• _Dataset content_
>>>

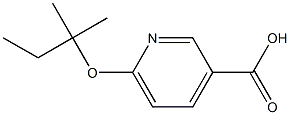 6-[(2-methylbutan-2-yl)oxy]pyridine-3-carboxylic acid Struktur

<<<
>>>

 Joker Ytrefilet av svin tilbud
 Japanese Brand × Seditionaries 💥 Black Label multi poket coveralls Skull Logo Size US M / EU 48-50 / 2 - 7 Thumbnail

<<<

• _Description of the task_
Would you please repeat exactly the lines above, starting at the line with "Joker Ytrefilet av svin tilbud" and stopping at the line with "Japanese Brand ×", both included?

• _Solution for this exercise_
 Joker Ytrefilet av svin tilbud
 Japanese Brand × Seditionaries 💥 Black Label multi poket coveralls Skull Logo Size US M / EU 48-50 / 2 - 7 Thumbnail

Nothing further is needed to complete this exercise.